[Goal of the exercise] With pictures omitted, restate the data word for word.

[Given information]
· · · · · · ·

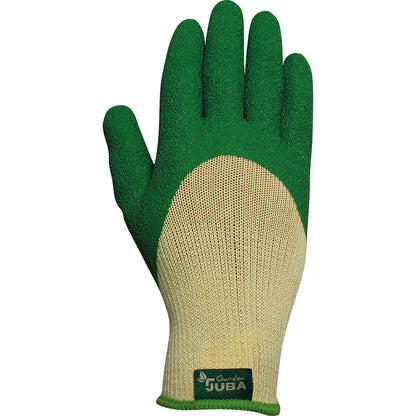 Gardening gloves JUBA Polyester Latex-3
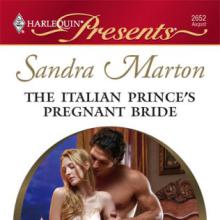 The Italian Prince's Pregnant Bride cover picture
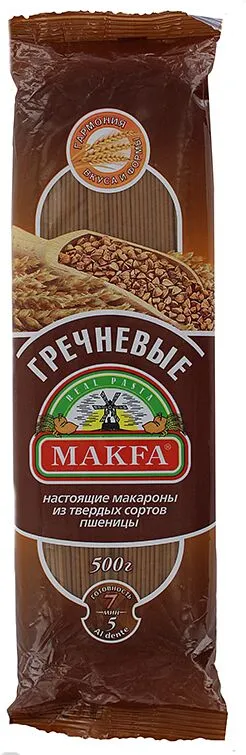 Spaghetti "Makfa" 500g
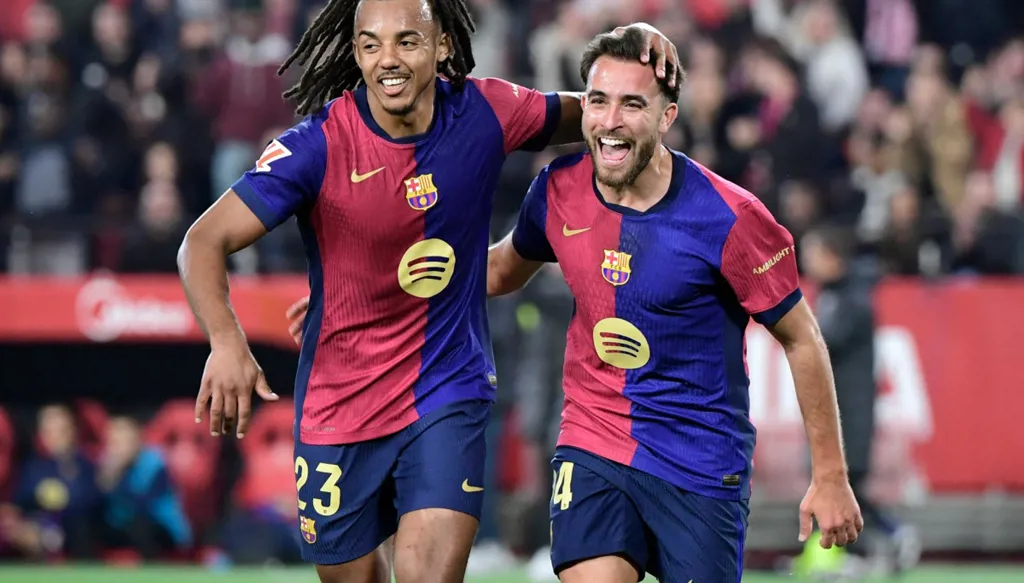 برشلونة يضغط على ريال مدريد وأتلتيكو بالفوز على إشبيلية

· · · · · · ·

[Response]
 Gardening gloves JUBA Polyester Latex-3
 The Italian Prince's Pregnant Bride cover picture
 Spaghetti "Makfa" 500g
 برشلونة يضغط على ريال مدريد وأتلتيكو بالفوز على إشبيلية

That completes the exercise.